Alors que les sit-in, les grèves et les agitations sociales de toutes sortes se multiplient dans tout le pays, paralysant des pans entiers de l’économie, la Banque centrale de Tunisie (Bct) a lancé, mercredi soir, un cri de détresse. Ou presque.
Par Aya Chedi
Le conseil d’administration de la Bct, qui se réunit d’habitude vers la fin de chaque mois, vient, en effet, de rendre public un communiqué qui brosse un tableau assez alarmiste de la situation économique et financière du pays. Une manière de remonter les bretelles de tous les acteurs politiques, économiques et sociaux, et de dire aux Tunisiens : «Faites gaffe ! L’anarchie que certains d’entre vous provoquent, sciemment ou inconsciemment, et souvent pour des revendications on ne peut plus légitimes, pourrait mener le pays… dans le mur».
Repli des exportations.
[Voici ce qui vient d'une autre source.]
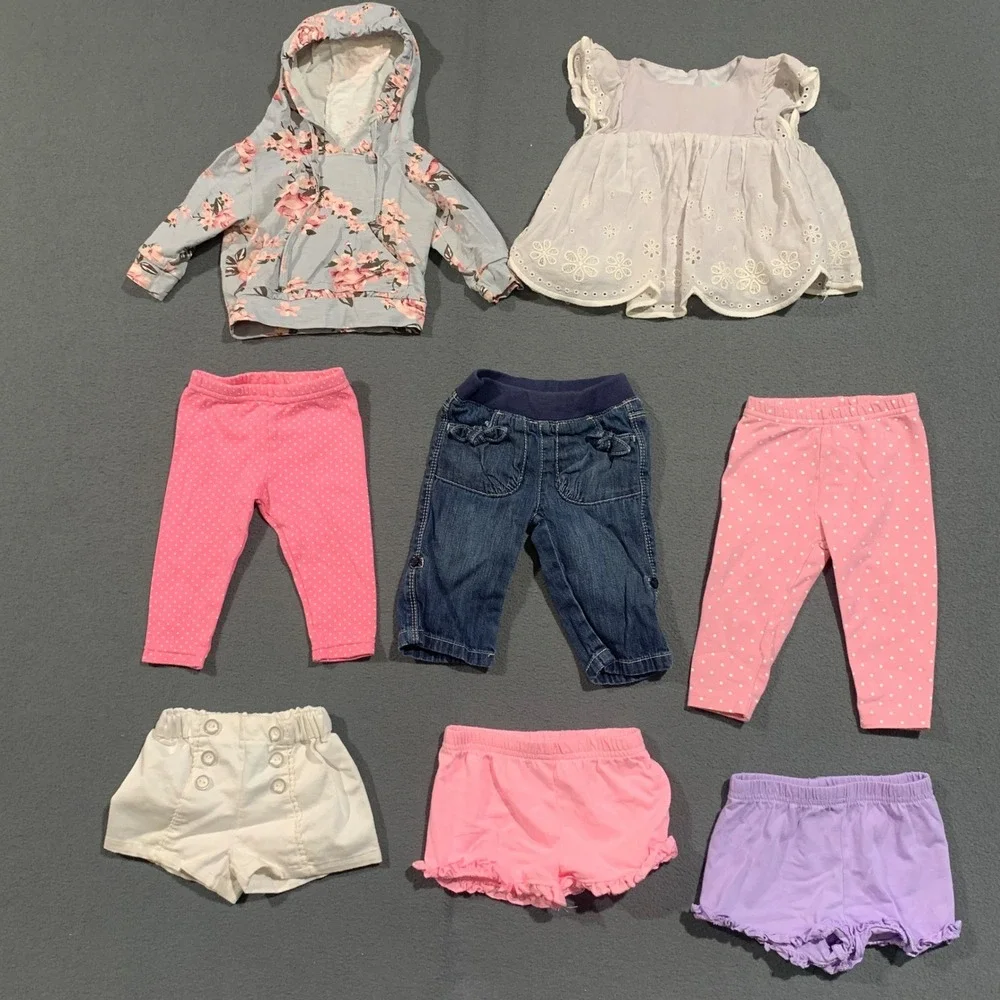 Baby Girl 3-6M Bundle 8pc Baileys Blossoms Old Navy Carters Floral‎ Denim Pink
Le bilan économique de l’année 2011 se caractérise par une évolution négative de la production et des exportations dans la plupart des secteurs. L’année a aussi connu un repli de l’investissement tant intérieur qu’étranger, et son corollaire, une raréfaction des créations d’emplois, ainsi qu'une dégradation des équilibres financiers «compte tenu de la conjoncture exceptionnelle qu’a connue le pays», indique le Conseil d’administration réuni le 18 janvier.
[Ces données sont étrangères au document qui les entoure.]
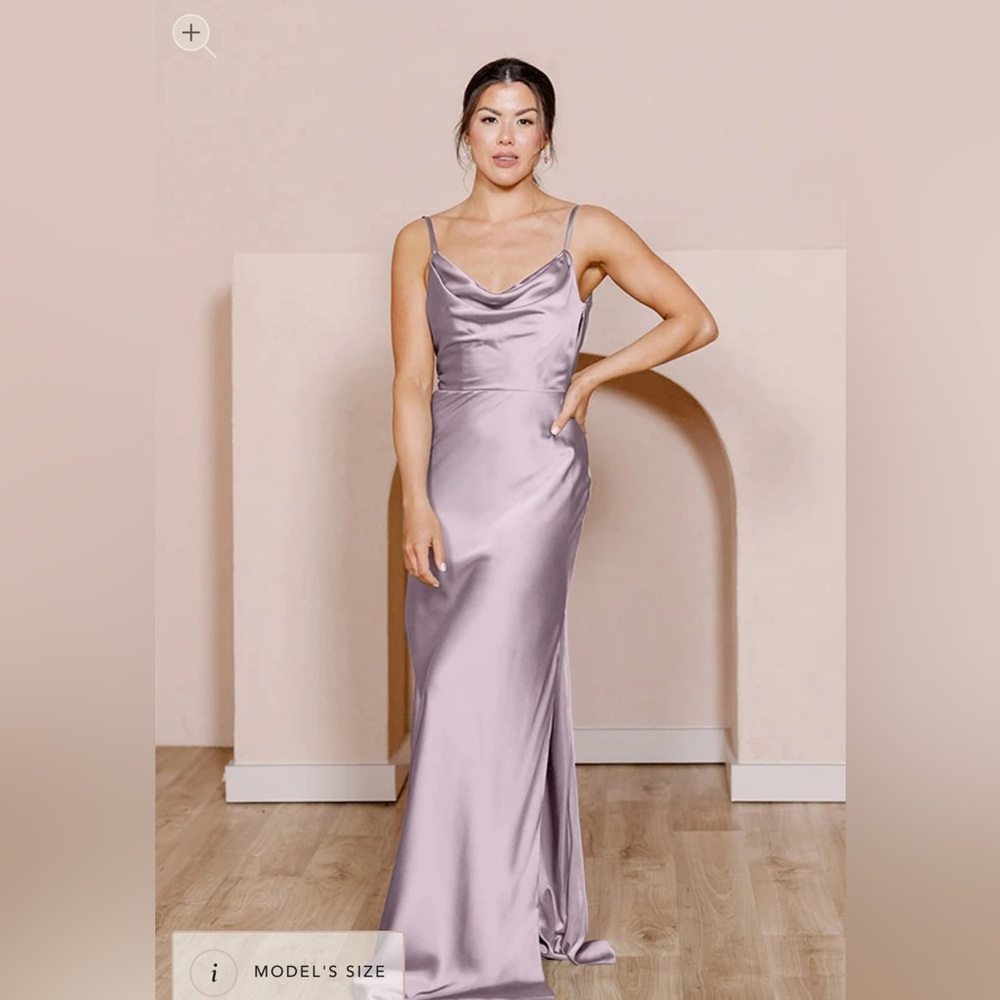 Revelry bridesmaid satin dress, Lilac, Size 6, Petite length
Les dernières prévisions ne sont pas meilleures et tablent sur une croissance négative.
113 jours d’importation. «Le Conseil a noté, en particulier, l’augmentation du déficit courant des paiements extérieurs pour s’élever à 7,1% du Pib en 2011, en relation avec la contraction des exportations des industries non manufacturières et des services, ce qui s’est traduit par une baisse du niveau des avoirs en devises à environ 10.582 MDT ou l’équivalent de 113 jours d’importation contre 147 jours une année auparavant».
Besoin de liquidité. La Bct, note le Conseil, a dû intervenu à deux reprises, en l’espace d’un mois et demi, et de façon importante sur le marché monétaire pour apporter 3.604 MDT en décembre 2011 et 3.893 MDT durant les seize premiers jours du mois de janvier courant pour permettre au secteur bancaire de fournir les financements nécessaires aux entreprises et aux investisseurs.
Mustapha Kamel Nabli, gouverneur de la Bct au premier plan.
C’est la conséquence du ralentissement du rythme de progression de la masse monétaire M3 et des concours à l’économie, qui ont atteint, respectivement, 7,9% et 13,2%, au terme de l’année 2011. N’empêche que le taux d’intérêt moyen sur ce marché s’est situé à 3,19% depuis le début de janvier courant contre 3,23% en décembre.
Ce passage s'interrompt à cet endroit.